+++ Excerpted data
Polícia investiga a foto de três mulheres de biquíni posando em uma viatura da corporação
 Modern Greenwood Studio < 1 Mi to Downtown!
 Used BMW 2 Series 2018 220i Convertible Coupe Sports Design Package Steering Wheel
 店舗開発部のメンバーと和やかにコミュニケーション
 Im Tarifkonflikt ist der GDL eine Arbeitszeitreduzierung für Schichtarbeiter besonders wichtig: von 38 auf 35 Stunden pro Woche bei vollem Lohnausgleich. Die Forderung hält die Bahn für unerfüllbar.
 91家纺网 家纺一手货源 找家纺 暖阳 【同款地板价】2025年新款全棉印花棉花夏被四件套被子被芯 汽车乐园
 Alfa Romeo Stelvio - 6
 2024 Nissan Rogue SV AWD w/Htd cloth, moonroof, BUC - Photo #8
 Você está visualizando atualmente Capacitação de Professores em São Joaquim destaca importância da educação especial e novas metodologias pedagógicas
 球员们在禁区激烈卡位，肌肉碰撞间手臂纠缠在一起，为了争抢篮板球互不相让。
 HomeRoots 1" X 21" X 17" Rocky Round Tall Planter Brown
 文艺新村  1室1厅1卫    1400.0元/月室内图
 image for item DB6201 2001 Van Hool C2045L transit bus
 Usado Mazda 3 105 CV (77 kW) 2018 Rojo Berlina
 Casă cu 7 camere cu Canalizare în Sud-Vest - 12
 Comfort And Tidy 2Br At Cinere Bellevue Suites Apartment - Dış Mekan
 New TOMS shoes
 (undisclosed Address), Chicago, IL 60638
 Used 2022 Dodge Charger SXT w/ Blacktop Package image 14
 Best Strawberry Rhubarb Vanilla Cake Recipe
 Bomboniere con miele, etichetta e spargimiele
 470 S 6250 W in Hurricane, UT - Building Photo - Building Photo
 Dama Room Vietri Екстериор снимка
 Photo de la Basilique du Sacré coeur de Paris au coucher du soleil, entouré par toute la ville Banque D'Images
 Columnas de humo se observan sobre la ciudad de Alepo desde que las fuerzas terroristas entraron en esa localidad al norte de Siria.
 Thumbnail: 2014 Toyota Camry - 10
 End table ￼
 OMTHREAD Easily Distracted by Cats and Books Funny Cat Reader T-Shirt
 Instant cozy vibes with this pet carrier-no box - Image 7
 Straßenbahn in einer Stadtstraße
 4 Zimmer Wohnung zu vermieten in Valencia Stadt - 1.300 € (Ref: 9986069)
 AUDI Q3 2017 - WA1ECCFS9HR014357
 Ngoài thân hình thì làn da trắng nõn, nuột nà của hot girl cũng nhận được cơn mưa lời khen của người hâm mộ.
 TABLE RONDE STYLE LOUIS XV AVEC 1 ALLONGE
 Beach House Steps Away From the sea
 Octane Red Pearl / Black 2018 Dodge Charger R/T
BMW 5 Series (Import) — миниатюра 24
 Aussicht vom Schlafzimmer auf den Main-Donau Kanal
++++++
• [What is being asked] Please find every line in the records that contains the word "Photo", and copy it out.

• [Answer for this exercise]
 2024 Nissan Rogue SV AWD w/Htd cloth, moonroof, BUC - Photo #8
 470 S 6250 W in Hurricane, UT - Building Photo - Building Photo
 Photo de la Basilique du Sacré coeur de Paris au coucher du soleil, entouré par toute la ville Banque D'Images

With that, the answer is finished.